PyNear

Fast, exact and approximate K-nearest-neighbour search for Python

Installation
Quick start
- Approximate binary search (image descriptors)
Migrating from scikit-learn
Features
Demos
Benchmarks
Real-World Benchmark — SIFT1M Binary
Development

PyNear is a Python library with a C++ core for exact or approximate (fast) KNN search over metric spaces. It is built around Vantage Point Trees, a metric tree that scales well to higher dimensionalities where kd-trees degrade, and uses SIMD intrinsics (AVX2 on x86-64, portable fallbacks on arm64/Apple Silicon) to accelerate the hot distance computation paths. Already using scikit-learn's KNN? PyNear ships drop-in adapter classes that implement the same fit / predict / score / kneighbors API — migrate in one line.

Why PyNear?

| | PyNear | Faiss | Annoy | scikit-learn | |---|---|---|---|---| | Exact results | ✅ VPTree always | ✅ flat index | ❌ approximate | ✅ | | Approximate (fast, tunable) | ✅ IVFFlatL2Index | ✅ IVF | ✅ | ❌ | | Metric agnostic | ✅ L2, L1, L∞, Hamming | L2 / inner product | L2 / cosine / Hamming | L2 / others | | Low-dim sweet spot | ✅ | ❌ | ❌ | ❌ | | High-dim (512-D – 1024-D) | ✅ IVFFlatL2Index | ✅ | ✅ | ❌ | | Binary / Hamming exact | ✅ hardware popcount | ✅ | ✅ | ❌ | | Binary / Hamming approx | ✅ MIH + IVFFlat | ⚠️ slow build | ❌ | ❌ | | Threshold / range search | ✅ BKTree | ❌ | ❌ | ❌ | | Pickle serialization | ✅ | ❌ | ✅ | ✅ | | No extra native deps | ✅ NumPy only | ❌ compiled lib + optional GPU | ❌ | ❌ | | scikit-learn compatible API | ✅ drop-in adapters | ❌ | ❌ | — |

PyNear covers the full spectrum: use VPTree indices when you need guaranteed exact answers (2-D to ~256-D), IVFFlatL2Index for fast approximate float search on high-dimensional data (512-D to 1024-D), or MIHBinaryIndex / IVFFlatBinaryIndex for approximate Hamming search on binary descriptors — achieving up to 257× speedup over exact binary brute-force at N=1M, d=512 with 100% Recall@10.

For the Layman

K-Nearest Neighbours (KNN) is simply the idea of finding the k most similar items to a given query in a collection.
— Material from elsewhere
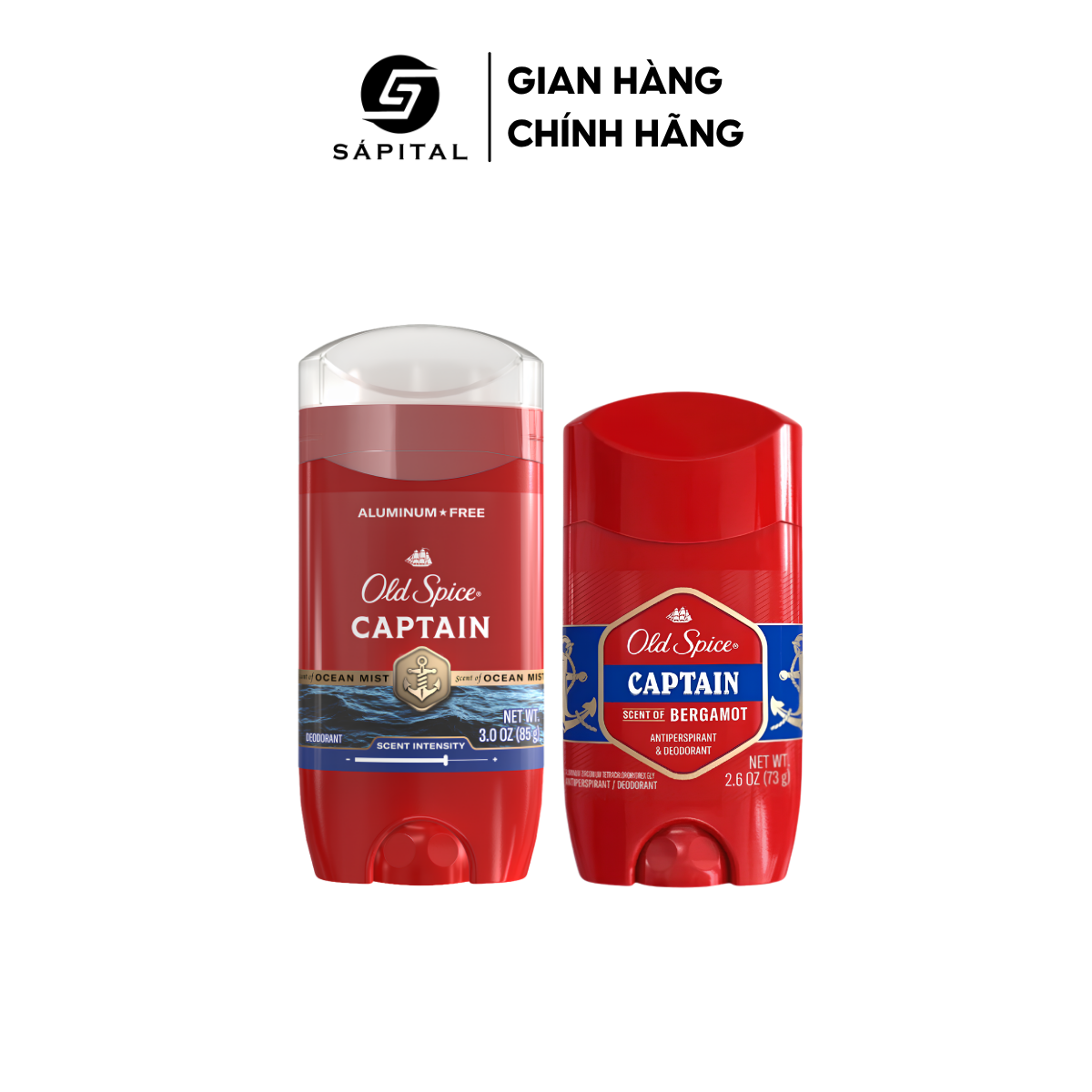 Lăn khử mùi Old Spice Captain | Sáp khử mùi cơ thể cho Nam & Nữ, Giảm tiết mồ hôi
Think of it like asking: "given this song I like, what are the 5 most similar songs in my library?" The algorithm measures the "distance" between items (how different they are) and returns the closest ones.

The two key parameters are:

k — how many neighbours to return (e.g. the 5 most similar)
distance metric — how "similarity" is measured (e.g. Euclidean, Manhattan, Hamming)

Everything else — VP-Trees, SIMD, approximate search — is just engineering to make that search fast at scale.

Main applications of KNN search

Image retrieval — finding visually similar images by searching nearest neighbours in an embedding space (e.g. face recognition, reverse image search).
Recommendation systems — suggesting similar items (products, songs, articles) by finding the closest user or item embeddings.
Anomaly detection — flagging data points whose nearest neighbours are unusually distant as potential outliers or fraud cases.
Semantic search — retrieving documents or passages whose dense vector representations are closest to a query embedding (e.g. RAG pipelines).
Broad-phase collision detection — quickly finding candidate object pairs that might be colliding by looking up the nearest neighbours of each object's bounding volume, before running the expensive narrow-phase test.
Soft body / cloth simulation — finding the nearest mesh vertices or particles to resolve contact constraints and self-collision.
Particle systems (SPH, fluid sim) — each particle needs to know its neighbours within a radius to compute pressure and density forces.

Installation

pip install pynear

Requires Python 3.8+ and NumPy ≥ 1.21.2. Pre-built wheels are available for Linux, macOS (x86-64 and Apple Silicon), and Windows — no compiler needed.

Quick start

import numpy as np
import pynear

# Build index from 100 000 vectors of dimension 32
data = np.random.rand(100_000, 32).astype(np.float32)
index = pynear.VPTreeL2Index()
index.set(data)

# KNN search — returns (indices, distances) per query, sorted nearest-first
queries = np.random.rand(10, 32).astype(np.float32)
indices, distances = index.searchKNN(queries, k=5)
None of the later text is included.